Factors affecting choice of storage media include:

  • speed with which data can be accessed
  • cost per unit of data
  • reliability

Storage Hierarchy

  • Primary: fastest media but volatile (cache, main memory)
  • Secondary: next level in hierarchy, non-volatile, moderately fast access time
    • Also called on-line storage
    • E.g., flash memory, magnetic disks
  • Tertiary: lowest level in hierarchy, non-volatile, slow access time
    • also called off-line storage and used for archival storage
    • e.g., magnetic tape, optical storage
    • Magnetic tape
      • Sequential access 1 to 12 TB capacity
      • A few drives with many tapes
      • Juke boxes with petabytes (1000s of TB) of storage.

Storage Interfaces

Disk interface standards families:

  • SATA (Serial ATA)
    • SATA 3 supports data transfer speeds of up to 6 gigabits/sec
  • SAS (Serial Attached SCSI)
    • SAS Version 3 supports 12 gigabits/sec
  • NVMe (Non-Volatile Memory Express) interface
    • works with PCIe connectors to support lower latency and higher transfer rates
    • supports data transfer rates of up to 24 gigabits/sec

Disks usually connected directly to computer system.

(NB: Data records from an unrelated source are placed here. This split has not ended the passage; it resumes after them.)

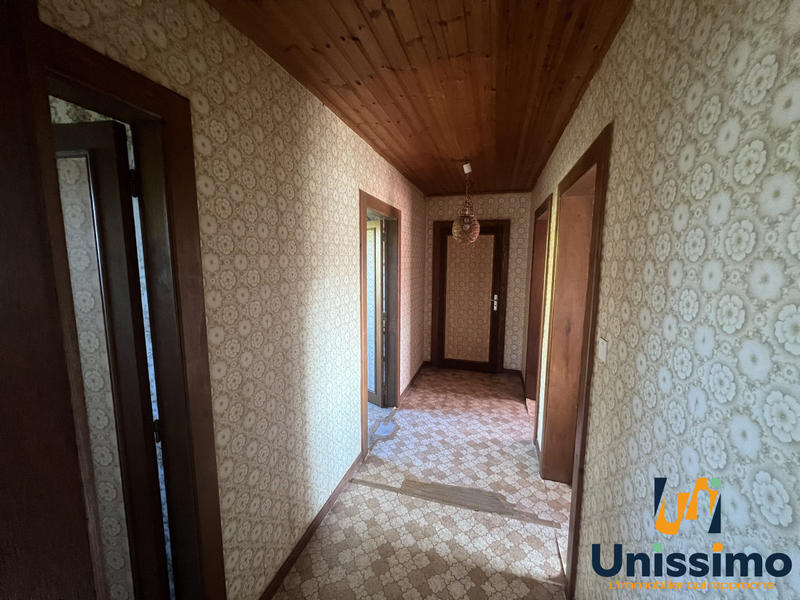 Maison ancienne - 120 m² - 5 pièces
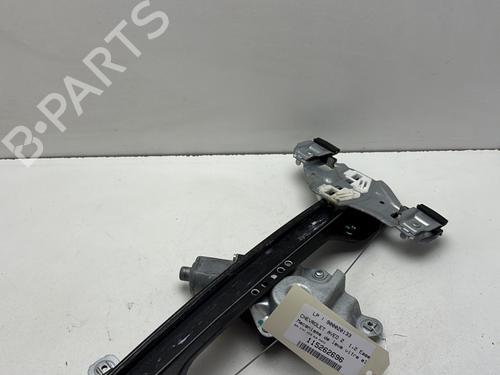 Used Front right window mechanism CHEVROLET AVEO Saloon (T300) 1.2 (86 hp) 30198709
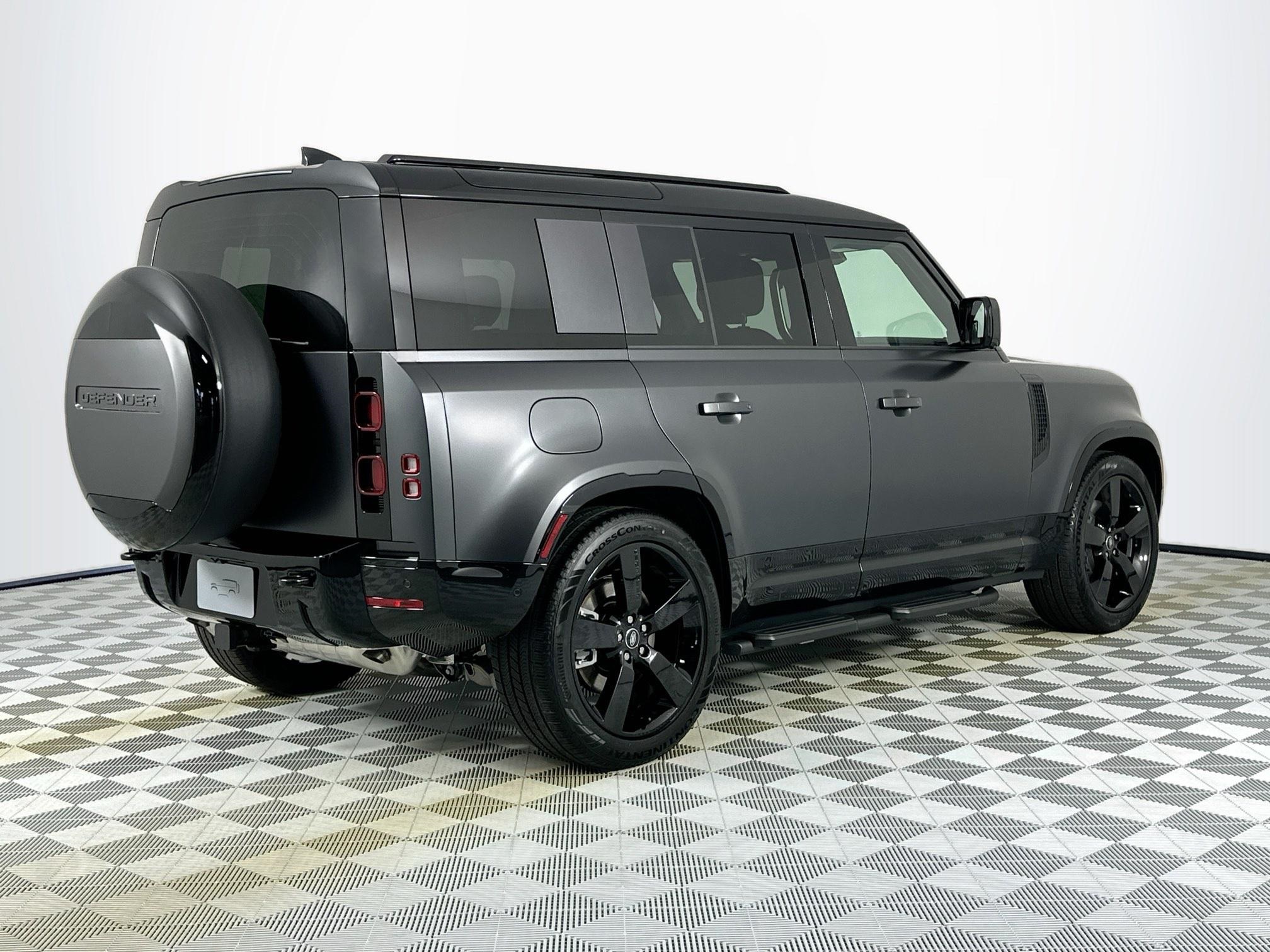 new 2025 Land Rover Defender 110 car, priced at $98,773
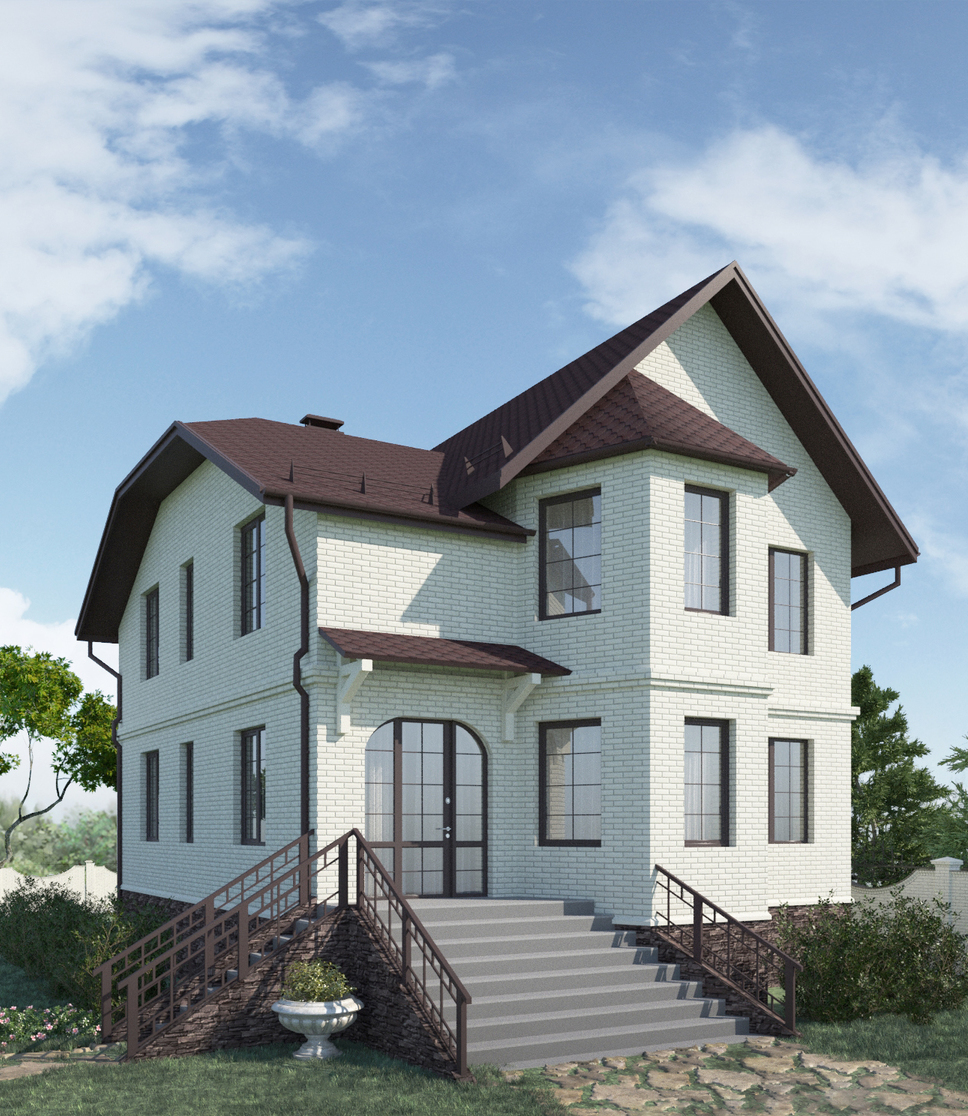 <span style="font-weight: bold;">Архитектурный проект </span>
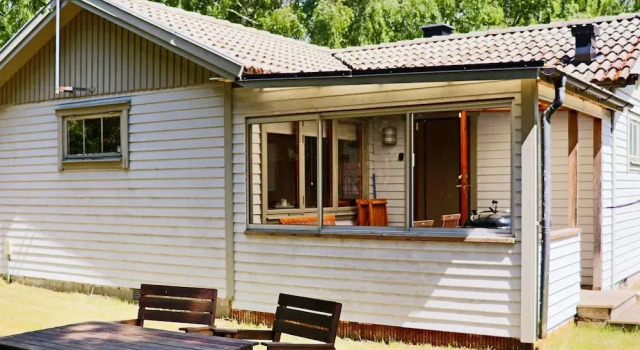 Коттедж 5 Person Holiday Home in Skummeslovsstrand
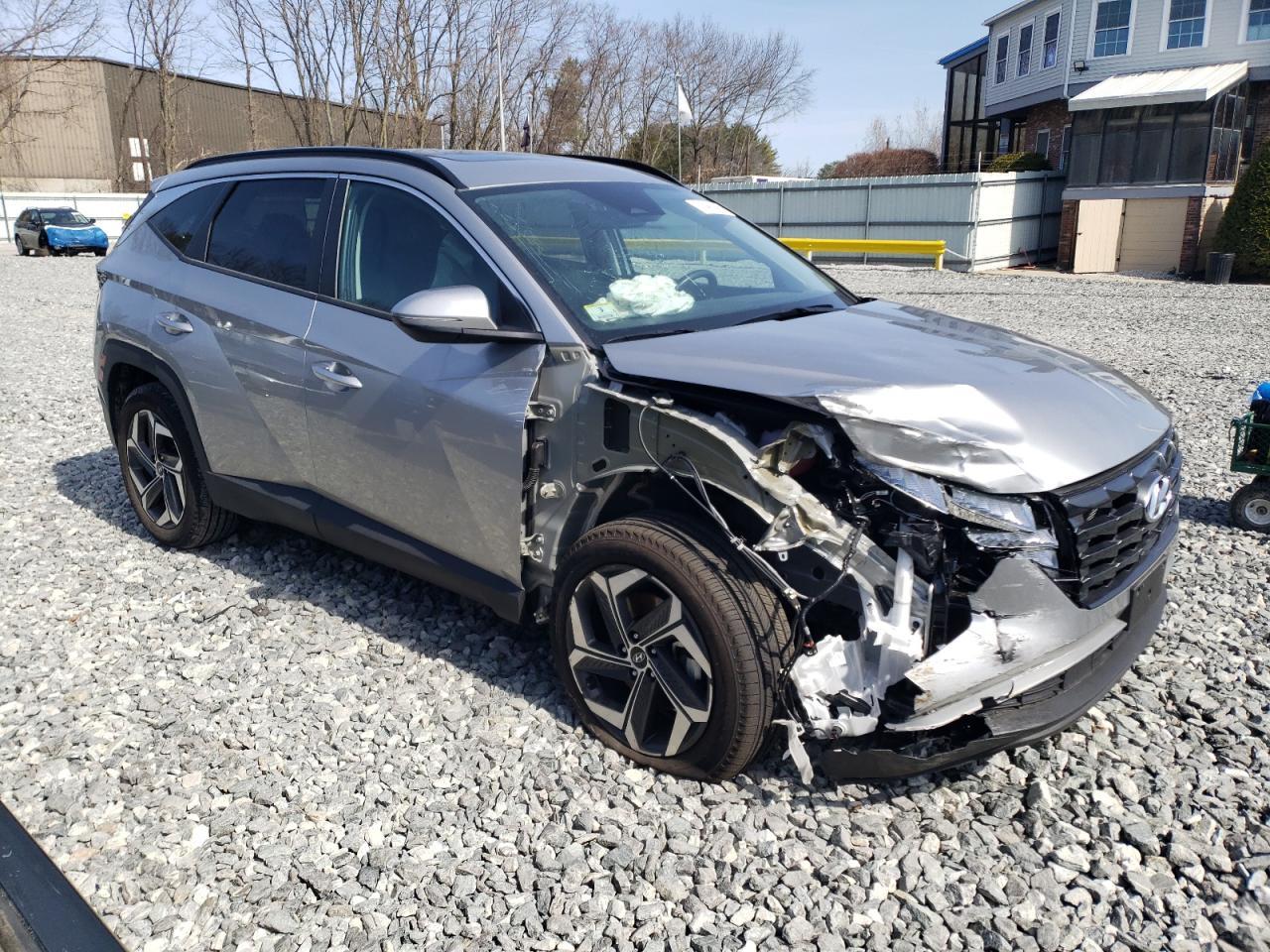 2024 Hyundai Tucson Sel - Image 4
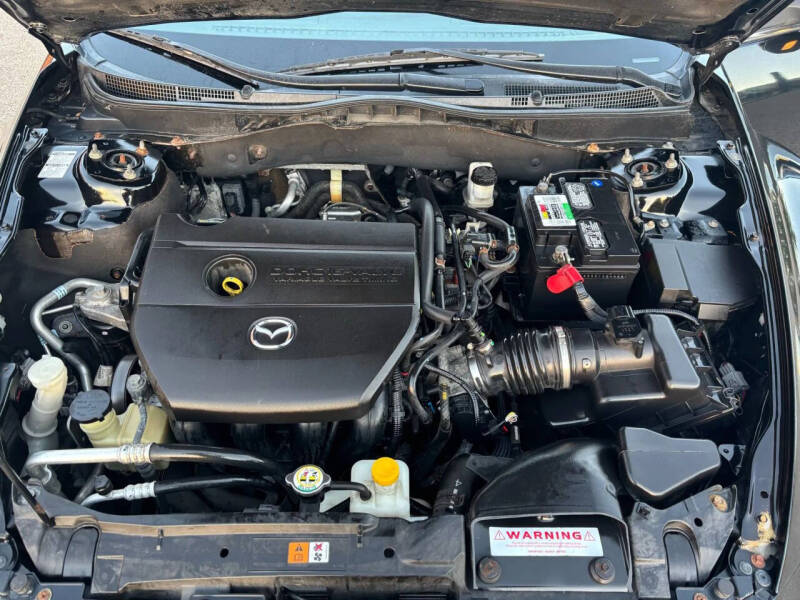 2012 Mazda MAZDA6 i Grand Touring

In a Storage Area Networks (SAN), a large number of disks are connected by a high-speed network to a number of servers. In a Network Attached Storage (NAS) networked storage provides a file system interface using networked file system protocol, instead of providing a disk system interface.

Magnetic Disks

  • Read-write head
  • Surface of platter divided into circular tracks
    • Over 50K-100K tracts per platter on typical hard disks
  • Each track is divided into sectors
    • A sector is the smallest unit of data that can be read or written
    • Sector size typically 512 bytes
    • Typical sectors per tracks: 500 to 1000 on inner tracks, to 1000 to 2000 on outer tracks
  • To read/write a sector
    • disk arm swings to position head on right track
    • platter spins continually; data is read/written as sector passes under head
  • Head-disk assemblies
    • multiple disk platters on a single spindle (1 to 5 usually)
    • one head per platter, mounted on a common arm
  • Cylinder ii consists of ithi^{th} track of all the platters
  • Disk controller: interfaces between the computer system and the disk drive hardware
    • accepts high-level commands to read or write a sector
    • initiates actions such as moving the disk arm to the right track and actually reading or writing the data
    • computes and attaches checksums to each sector to verify that data is read back correctly
      • if data is corrupted, with very high probability stored checksum won't match recomputed checksum
    • ensures successful writing by reading back sector after writing it
    • performs remapping of bad sectors

Performance Measures of Disks

Access time is the time it takes from when a read or write request is issued to when data transfer begins. Consists of:

  • Seek time, the time it takes to reposition the arm over the correct track
    • Average seek time is 1/2, also is worst case
    • 4-10 ms on typical disks
  • Rotational latency, the time it takes for the sector to be accessed to appear under the head
    • 4-11 ms on typical disks (5400 to 15000 r.p.m)
    • Average latency is 1/2 of the above latency
  • Overall latency is 5 to 20 ms depending on the disk model

Data transfer rate, the rate at which data can be retrieved from or stored to the disk.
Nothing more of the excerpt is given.